5/12/2023
Texas Mall Shooting Raises Question: What Makes a Person of Color Embrace Far-Right Extremism?
Historians in the Newstags: mass shootings, Texas, White Supremacy, Neonazis
LEILA FADEL, HOST:
What attracts a person of color to far-right extremism? The mass shooting in Allen, Texas, last week has reignited a conversation about why a small but visible number of people of color commit violence inspired by white supremacy. The gunman who killed eight at the outlet mall was identified as 33-year-old Mauricio Garcia. He was killed by police. I spoke with Yale professor Daniel Martinez HoSang. He studies the ways far-right extremism take hold in America.
You know, I think I want to start with this shooter in Allen, Texas. He posted racist and misogynistic screeds. He wore a Right Wing Death Squad patch. He glorified the Third Reich, Hitler, clearly enamored and dabbling in white supremacy, but he's Latino. What draws a person like this into this type of far-right, racist-fueled violence?
DANIEL MARTINEZ HOSANG: Yeah. I mean, we, of course, need to be careful about thinking we can identify any single motive for such...
FADEL: Right.
HOSANG: ...A brutal act. But this is clearly part of a much larger pattern in which the far right, neo-Nazis, even self-described white supremacists, have drawn from a much, much more diverse social basis than groups in the past. Today's far right is much, much different. They're drawing people from many, many walks of life...
FADEL: Yeah.
HOSANG: ...Occupations, regions of the country and many, many more kind of ideological onramps into that - so homophobia, misogyny, anti-Semitism, transphobia.

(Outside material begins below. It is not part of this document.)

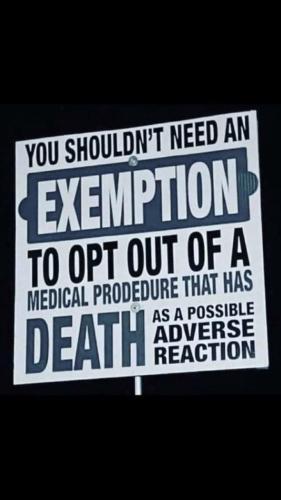 Screenshot_20211110-122317_Wimkin Uncensored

FADEL: Oh, gosh. These are all terrible onramps.
HOSANG: They're terrible onramps, but - and on the other hand, none of those are the kind of singular glue that binds the group together. The targets of the ire can actually shift all the time. It doesn't have to be held together by a singular set of beliefs. And that's what makes it, in fact, much different than the people you might find in the Klan or white citizen councils in the 1950s and '60s who, if you ask them what brought them here, they would often say the same thing about the defense of Jim Crow and the dignity of, you know, their own white communities.